Work order: From the first line to the last, return the data exactly, with no pictures.

[[ Dataset excerpt, beginning ]]

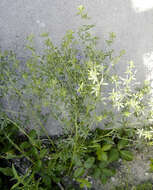 Image of slimflower scurfpea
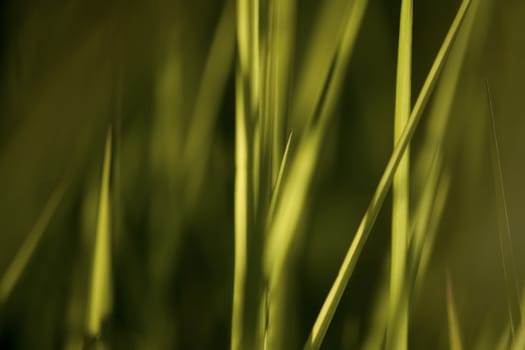 summer grass in evening sunshine, abstract nature background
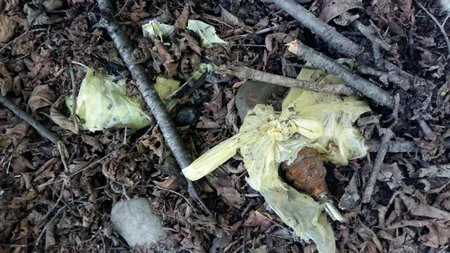 Oğuzda 3 ədəd əl qumbarası tapıldı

[[ Dataset excerpt, end ]]

Output for this task:
 Image of slimflower scurfpea
 summer grass in evening sunshine, abstract nature background
 Oğuzda 3 ədəd əl qumbarası tapıldı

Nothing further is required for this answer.